LISTED ENTRIES: Begin
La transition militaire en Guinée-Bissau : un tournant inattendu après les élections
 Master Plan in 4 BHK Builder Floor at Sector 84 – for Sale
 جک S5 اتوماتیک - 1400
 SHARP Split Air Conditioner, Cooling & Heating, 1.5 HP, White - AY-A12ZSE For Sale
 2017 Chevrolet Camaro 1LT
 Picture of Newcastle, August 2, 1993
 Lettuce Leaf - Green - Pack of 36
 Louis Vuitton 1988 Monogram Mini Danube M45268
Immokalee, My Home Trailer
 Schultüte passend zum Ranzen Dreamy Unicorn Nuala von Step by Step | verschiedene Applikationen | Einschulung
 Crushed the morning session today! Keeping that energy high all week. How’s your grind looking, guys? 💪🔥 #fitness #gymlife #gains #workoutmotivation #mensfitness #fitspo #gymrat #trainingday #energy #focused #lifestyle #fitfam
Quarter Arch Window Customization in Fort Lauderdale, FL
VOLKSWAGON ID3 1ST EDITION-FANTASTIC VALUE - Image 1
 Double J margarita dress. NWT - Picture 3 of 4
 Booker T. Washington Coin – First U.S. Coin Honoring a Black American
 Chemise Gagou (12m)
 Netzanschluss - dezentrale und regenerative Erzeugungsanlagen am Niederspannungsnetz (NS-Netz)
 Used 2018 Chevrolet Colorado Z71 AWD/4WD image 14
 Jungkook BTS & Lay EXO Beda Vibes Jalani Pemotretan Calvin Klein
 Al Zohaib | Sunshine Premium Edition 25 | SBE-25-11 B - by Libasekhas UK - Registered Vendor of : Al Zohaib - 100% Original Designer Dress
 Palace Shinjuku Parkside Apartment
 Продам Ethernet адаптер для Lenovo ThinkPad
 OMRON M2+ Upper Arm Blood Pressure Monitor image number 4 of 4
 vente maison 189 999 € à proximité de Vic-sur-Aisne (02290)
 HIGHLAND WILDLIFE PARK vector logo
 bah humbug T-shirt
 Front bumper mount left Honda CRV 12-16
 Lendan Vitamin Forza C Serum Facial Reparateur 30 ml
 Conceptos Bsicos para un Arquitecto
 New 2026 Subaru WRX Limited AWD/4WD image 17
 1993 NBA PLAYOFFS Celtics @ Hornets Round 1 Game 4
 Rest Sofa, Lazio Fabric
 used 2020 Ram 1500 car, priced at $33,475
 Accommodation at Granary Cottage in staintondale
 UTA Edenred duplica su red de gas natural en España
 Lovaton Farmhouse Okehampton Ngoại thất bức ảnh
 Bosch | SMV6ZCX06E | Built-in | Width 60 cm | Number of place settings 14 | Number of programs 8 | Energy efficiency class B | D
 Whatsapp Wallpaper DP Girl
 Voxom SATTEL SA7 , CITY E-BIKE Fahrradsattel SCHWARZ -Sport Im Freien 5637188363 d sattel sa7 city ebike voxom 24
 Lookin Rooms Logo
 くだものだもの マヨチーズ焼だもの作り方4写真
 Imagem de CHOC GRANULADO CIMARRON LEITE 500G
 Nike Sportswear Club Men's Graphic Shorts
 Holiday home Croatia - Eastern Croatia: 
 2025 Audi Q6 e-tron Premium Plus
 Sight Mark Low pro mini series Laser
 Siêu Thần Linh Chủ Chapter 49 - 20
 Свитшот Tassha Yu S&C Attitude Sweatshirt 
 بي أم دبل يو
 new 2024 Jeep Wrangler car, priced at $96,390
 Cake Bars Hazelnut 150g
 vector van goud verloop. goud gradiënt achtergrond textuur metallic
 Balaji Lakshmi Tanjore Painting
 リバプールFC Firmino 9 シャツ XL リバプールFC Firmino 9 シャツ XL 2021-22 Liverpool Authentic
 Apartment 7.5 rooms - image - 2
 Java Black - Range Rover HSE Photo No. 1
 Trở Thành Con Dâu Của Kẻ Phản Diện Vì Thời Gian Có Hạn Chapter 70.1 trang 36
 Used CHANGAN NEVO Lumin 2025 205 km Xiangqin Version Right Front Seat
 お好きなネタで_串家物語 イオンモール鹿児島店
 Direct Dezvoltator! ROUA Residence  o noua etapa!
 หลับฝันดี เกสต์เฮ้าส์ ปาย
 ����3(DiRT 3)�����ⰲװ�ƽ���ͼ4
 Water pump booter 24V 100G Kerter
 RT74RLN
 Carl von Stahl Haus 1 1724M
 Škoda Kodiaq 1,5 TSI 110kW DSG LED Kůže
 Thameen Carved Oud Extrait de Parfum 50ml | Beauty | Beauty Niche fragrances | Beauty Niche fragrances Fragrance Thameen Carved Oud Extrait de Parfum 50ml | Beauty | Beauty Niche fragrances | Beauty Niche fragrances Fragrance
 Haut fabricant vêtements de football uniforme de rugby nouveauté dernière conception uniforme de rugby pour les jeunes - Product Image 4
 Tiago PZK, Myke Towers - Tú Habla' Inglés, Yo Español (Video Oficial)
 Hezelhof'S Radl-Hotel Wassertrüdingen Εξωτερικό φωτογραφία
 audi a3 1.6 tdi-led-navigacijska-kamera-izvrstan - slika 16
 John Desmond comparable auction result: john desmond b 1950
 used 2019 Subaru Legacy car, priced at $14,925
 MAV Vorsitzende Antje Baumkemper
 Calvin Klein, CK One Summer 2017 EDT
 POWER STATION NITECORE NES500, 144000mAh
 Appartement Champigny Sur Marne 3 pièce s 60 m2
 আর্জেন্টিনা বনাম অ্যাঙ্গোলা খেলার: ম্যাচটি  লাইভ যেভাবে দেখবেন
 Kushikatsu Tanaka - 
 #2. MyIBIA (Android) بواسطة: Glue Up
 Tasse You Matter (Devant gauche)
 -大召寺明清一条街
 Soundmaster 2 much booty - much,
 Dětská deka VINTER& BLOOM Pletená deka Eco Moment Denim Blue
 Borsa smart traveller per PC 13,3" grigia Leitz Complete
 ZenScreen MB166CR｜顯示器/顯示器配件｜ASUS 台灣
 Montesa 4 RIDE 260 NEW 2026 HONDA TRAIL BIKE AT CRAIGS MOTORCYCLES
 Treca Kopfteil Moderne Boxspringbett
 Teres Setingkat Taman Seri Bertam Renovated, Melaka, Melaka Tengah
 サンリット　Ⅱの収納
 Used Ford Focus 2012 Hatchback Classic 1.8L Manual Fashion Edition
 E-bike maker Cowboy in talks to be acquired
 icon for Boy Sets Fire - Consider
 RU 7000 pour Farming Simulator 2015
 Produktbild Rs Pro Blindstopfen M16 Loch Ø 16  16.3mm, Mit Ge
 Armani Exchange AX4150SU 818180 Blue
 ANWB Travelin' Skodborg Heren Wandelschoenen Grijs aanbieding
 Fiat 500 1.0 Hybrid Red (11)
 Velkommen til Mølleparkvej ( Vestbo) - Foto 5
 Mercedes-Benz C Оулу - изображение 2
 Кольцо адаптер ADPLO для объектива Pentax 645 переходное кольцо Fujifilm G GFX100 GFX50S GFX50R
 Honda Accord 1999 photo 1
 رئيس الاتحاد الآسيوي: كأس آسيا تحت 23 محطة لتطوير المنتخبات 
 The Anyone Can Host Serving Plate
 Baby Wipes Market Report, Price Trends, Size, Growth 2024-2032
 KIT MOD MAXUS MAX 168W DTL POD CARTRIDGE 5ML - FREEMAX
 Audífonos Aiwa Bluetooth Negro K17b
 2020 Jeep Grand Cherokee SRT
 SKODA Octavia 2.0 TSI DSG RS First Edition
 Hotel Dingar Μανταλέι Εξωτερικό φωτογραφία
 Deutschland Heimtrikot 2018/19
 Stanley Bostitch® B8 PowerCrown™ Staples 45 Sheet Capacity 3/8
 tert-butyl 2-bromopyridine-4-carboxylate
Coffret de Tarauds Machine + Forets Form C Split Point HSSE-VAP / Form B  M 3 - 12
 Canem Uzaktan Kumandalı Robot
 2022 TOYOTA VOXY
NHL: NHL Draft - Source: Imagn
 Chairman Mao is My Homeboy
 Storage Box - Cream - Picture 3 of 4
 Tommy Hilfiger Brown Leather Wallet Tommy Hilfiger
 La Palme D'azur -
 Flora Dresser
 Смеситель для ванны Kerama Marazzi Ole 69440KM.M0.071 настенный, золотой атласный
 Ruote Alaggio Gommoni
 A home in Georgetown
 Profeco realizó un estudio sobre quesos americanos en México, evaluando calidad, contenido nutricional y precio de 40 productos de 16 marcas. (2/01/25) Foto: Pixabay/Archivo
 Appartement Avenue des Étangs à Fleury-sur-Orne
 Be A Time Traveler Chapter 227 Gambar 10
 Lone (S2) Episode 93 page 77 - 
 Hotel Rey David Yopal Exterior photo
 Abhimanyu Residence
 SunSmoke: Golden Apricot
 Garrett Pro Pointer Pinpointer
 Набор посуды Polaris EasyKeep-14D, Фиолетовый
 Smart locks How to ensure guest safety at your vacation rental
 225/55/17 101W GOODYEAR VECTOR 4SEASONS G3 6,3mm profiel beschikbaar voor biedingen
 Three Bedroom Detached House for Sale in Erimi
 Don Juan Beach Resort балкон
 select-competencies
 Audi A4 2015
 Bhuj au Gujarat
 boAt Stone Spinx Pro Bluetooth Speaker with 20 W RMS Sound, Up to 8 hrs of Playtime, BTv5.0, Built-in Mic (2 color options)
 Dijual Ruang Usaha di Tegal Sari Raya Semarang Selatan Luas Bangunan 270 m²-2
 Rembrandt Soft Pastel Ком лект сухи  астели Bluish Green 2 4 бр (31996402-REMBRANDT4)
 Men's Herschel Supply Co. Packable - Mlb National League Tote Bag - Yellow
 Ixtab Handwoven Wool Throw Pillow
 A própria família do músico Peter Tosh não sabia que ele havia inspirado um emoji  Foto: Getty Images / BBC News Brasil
LISTED ENTRIES: End
> _ASSIGNMENT_: Every line of the listing that holds the word "Chapter" is to be found and copied.

> _RESULT OF THIS TASK_:
 Siêu Thần Linh Chủ Chapter 49 - 20
 Trở Thành Con Dâu Của Kẻ Phản Diện Vì Thời Gian Có Hạn Chapter 70.1 trang 36
 Be A Time Traveler Chapter 227 Gambar 10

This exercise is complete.